- [INPUT DATA]
--------------------------------------------------

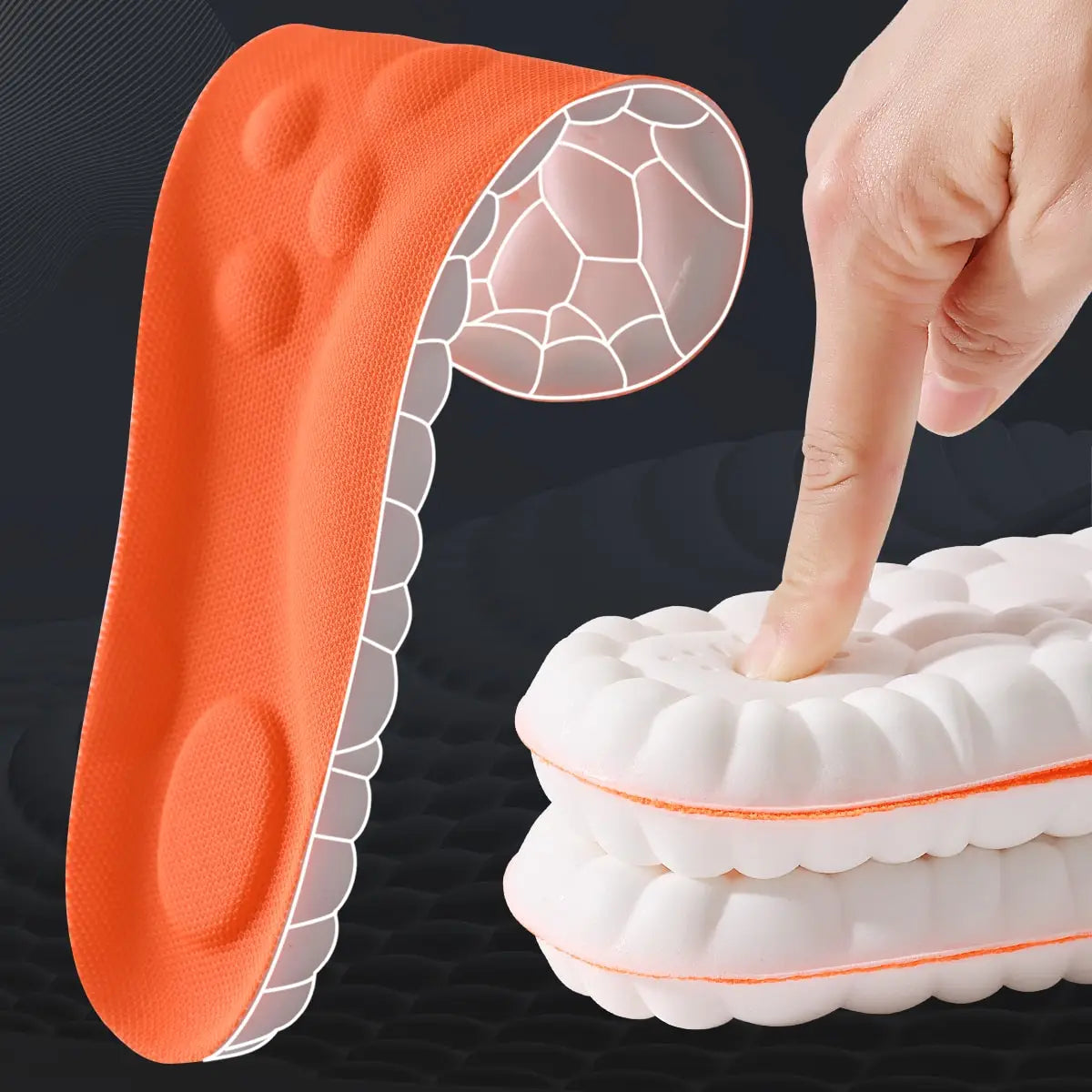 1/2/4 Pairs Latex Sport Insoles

--------------------------------------------------

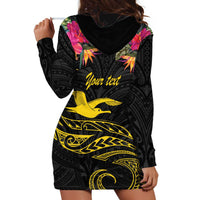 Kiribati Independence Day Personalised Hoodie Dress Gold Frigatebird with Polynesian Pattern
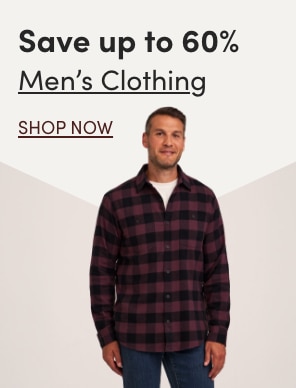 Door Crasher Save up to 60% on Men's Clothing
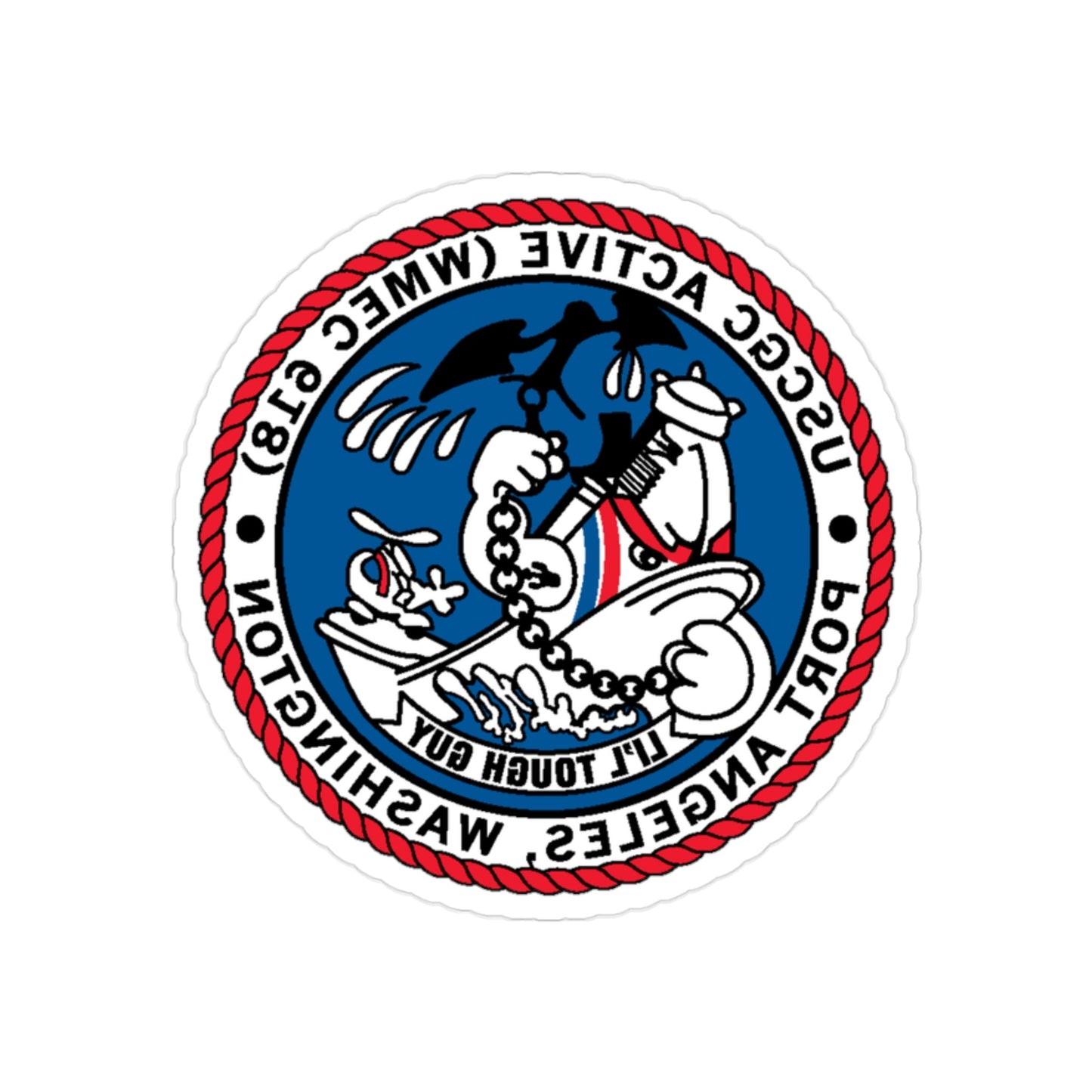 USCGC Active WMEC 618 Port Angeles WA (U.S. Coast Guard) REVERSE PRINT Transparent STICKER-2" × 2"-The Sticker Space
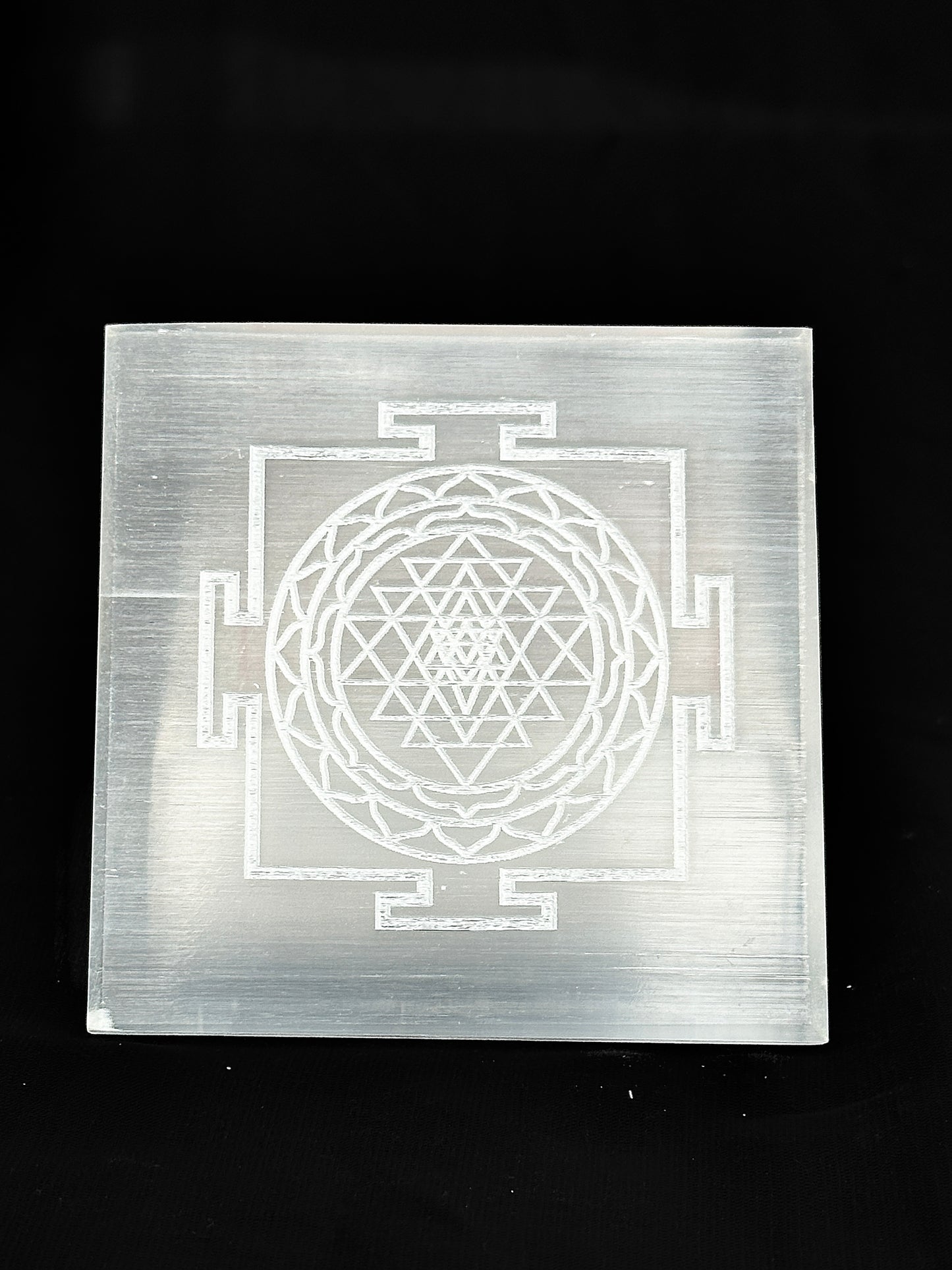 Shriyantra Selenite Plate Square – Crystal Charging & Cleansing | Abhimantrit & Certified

--------------------------------------------------

- [WHAT THE TASK ASKS]
Would you output the lines above from the line holding "Kiribati Independence Day" up to and including the line holding "Door Crasher Save", exactly and only those, with no pictures?

- [ANSWER BOX]
 Kiribati Independence Day Personalised Hoodie Dress Gold Frigatebird with Polynesian Pattern
 Door Crasher Save up to 60% on Men's Clothing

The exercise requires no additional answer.